On Jul 20,  1:21pm, Peter Stephenson wrote:
} Subject: Re: use of "less" in function and interrupt
}
} On Wed, 20 Jul 2016 13:36:33 +0200
} Vincent Lefevre <vincent@xxxxxxxxxx> wrote:
} > With zsh 5.2, if I type:
} > 
} > zira% tless() { less "$@"; }
} > zira% sleep 5 | tless
} > 
} > then "less" is left stopped in background after I type a key.

After you type ^C, you mean?

} Interestingly, I can get this to happen with
} 
} sleep 5 | { less }

In both cases it works as expected provided that "sleep 5" has exited,
so you have to interrupt the sleep.

} but not
} 
} sleep 5 | ( less )
} 
} I'm not sure what that says about job control, which I've never really
} understood, but the two cases should be very close as in the second the
} shell knows it's about to exit and should exec less without an extra
} fork.

I believe the difference is that in both the functin case and the curly
brackets case you have a "current shell job" at the tail of the pipeline;
"less" is a subjob of that current shell job.  In the other cases you
have a true external job at the end of the pipeline; you're correct that
the subshell exec's less, so it's equivalent to piping directly to less.
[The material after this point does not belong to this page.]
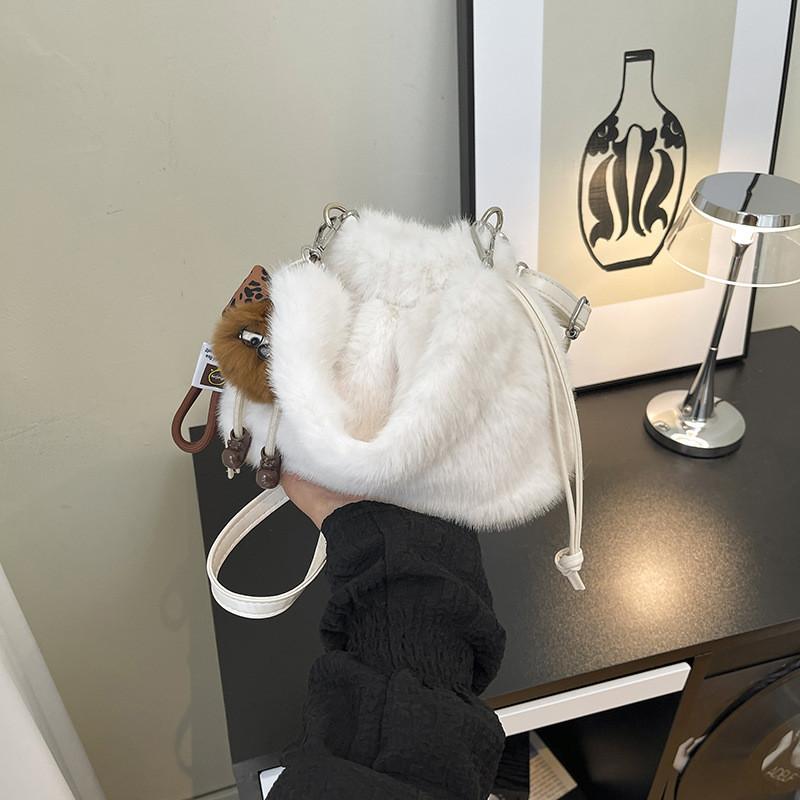 IELGY Ladies Messenger Bag Autumn Winter White Furry Bag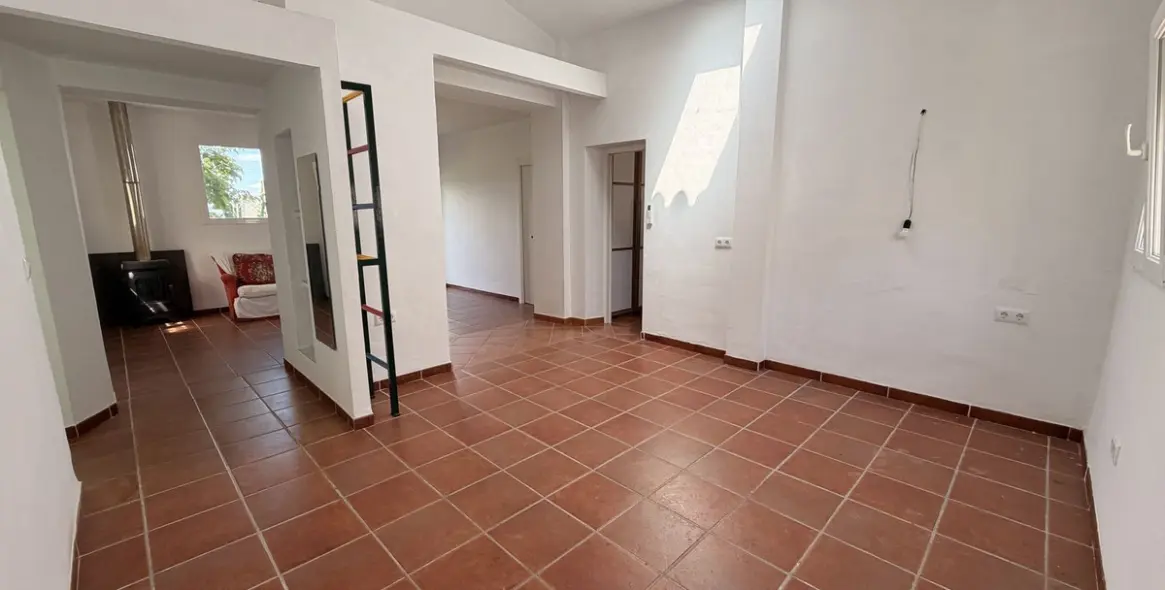 Продажа  отдельно стоящей виллы в Alhaurín el Grande 26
} I'm guessing that in the failing cases less is somehow being
} detached from the terminal while in the other cases it isn't and, when
} you quit less, normal service is resumed.

Pretty much, yes.  I think what's happening is that the "current shell
job" is noticing that a ^C was delivered and therefore stops waiting
for its subjobs, not noticing that that "less" has ignored the signal
and continued on anyway.

Probably there's some point where the one last wait is needed, within
the cleanup of jobs in the current shell, to make sure that all the
subjobs really did go away.  I suspect this to be related to the
breakup of errflag into ERRFLAG_ERROR and ERRFLAG_INT.